You made us feel that government really could make a difference to people’s lives, and that maybe one day, probably third or fourth term, sometime around then, it would.
You let us know we didn’t need to be worried about climate change, because you’d handle it. And handle it you did: not in the arrogant, abrasive way that so many other leaders would have, by banging heads or wedging people or taking harsh, vulgar action. You did it in a gentler, more inclusive way, a way that let everyone feel like a winner, from the polluting industries that felt like finally their concerns were being listened to, to the working families who needed to know that under no circumstances would they have to pay more for anything ever; to the environmentalists who, let’s be honest, were just looking for something to bitch about.

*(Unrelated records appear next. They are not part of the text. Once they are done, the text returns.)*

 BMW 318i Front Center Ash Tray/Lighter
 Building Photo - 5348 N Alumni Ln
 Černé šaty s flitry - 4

But then, the ability to connect with disparate sections of society was always your forte. It was in the way you spoke, the way you switched with such natural facility between the jargon of high intellectualism, where programmatic specificity is all the rage, and the earthy speech of the common man, who asks only for a fair shake of his sauce bottle and that the rat-f-ckers don’t feed him any balderdash. You were a man of the people, even with your enormous intellect, and that’s why we just couldn’t get enough of you.

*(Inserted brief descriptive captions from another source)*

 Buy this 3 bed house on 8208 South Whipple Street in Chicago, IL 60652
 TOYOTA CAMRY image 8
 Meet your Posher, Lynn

But now, it seems, we’ve had all of you that we’re going to get. Like so many other titans, you have been scythed down by the tiny, petty people. To watch you beset by factions and unions and historic feminist advances was to see a proud and noble moose, torn apart by a pack of vicious chihuahuas. It is the curse of democracy: ever and anon are the mighty brought low by the small.
But fret not, Kevin: the failing was not yours, but ours. We couldn’t handle a prime minister so cerebral, so hard-working, so pure. We weren’t prepared to keep at the helm a man whose virtues seemed to mock our own shortcomings. With every sound decision you made, you just reminded Australians of how unsound their own decisions always are. A sinister voice whispered in our ears, “let’s see you get the balance right on asylum seekers; you couldn’t combine generosity towards the desperate with awareness of the need for secure borders if your life depended on it!”
We knew that never in a million years could we convince five out of six state premiers to sign up to an amended version of our plan for national health. And so, to our everlasting shame, when faced with a leader who was so much better than us, we turned on you. We tore you down, like a pack of chimpanzees eating a Rembrandt.
But still, we will remember you, Kevin. We’ll remember you as the gentle soul who came to us with a message of love and hope that will, with a bit of luck, stay with us despite everything. We’ll remember you as the embodiment of all that is good and right about mankind, the reflection of the better side of ourselves. We’ll remember you as the micro-managing, Mandarin-speaking, process-following, stewardess-abusing man of our dreams.
Farewell, Kevin. I’m sorry it came to this. But I could have told you, Kevin, this world was never meant for one as beautiful as you.
How presious
What a load of……
Oh FFS….
I agree with the above comments. Ben Pobjie’s contributions to Crikey have never been anything other than puerile. Let’s give him one mark out of ten – for consistency.
And Kevin Rudd speaks Mandarin not “Chinese”.
Hang on, where’s the dictionary? I think the word I’m after is under “S”, self-satisfaction, saturated, simpering … Oh, look. There it is. “Satire”.
David, I heartily recommend diving through the Macquarie every now and then, rather than relying on those damn ambiguous ellipses. It might save you from looking vague.